Data excerpts:
----------------------------------------

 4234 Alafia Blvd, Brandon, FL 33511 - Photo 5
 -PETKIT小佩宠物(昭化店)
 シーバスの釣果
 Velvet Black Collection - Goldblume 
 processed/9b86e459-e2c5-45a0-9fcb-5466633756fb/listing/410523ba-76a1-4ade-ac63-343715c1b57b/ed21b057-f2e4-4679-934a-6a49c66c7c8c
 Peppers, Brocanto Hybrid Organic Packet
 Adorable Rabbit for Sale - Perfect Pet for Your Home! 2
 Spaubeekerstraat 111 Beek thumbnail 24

----------------------------------------

▶ _Brief_: Write out only what runs from the line holding "Velvet Black Collection - Goldblume" through the last line of the records, exactly as shown.

▶ _Result of the exercise_:
 Velvet Black Collection - Goldblume 
 processed/9b86e459-e2c5-45a0-9fcb-5466633756fb/listing/410523ba-76a1-4ade-ac63-343715c1b57b/ed21b057-f2e4-4679-934a-6a49c66c7c8c
 Peppers, Brocanto Hybrid Organic Packet
 Adorable Rabbit for Sale - Perfect Pet for Your Home! 2
 Spaubeekerstraat 111 Beek thumbnail 24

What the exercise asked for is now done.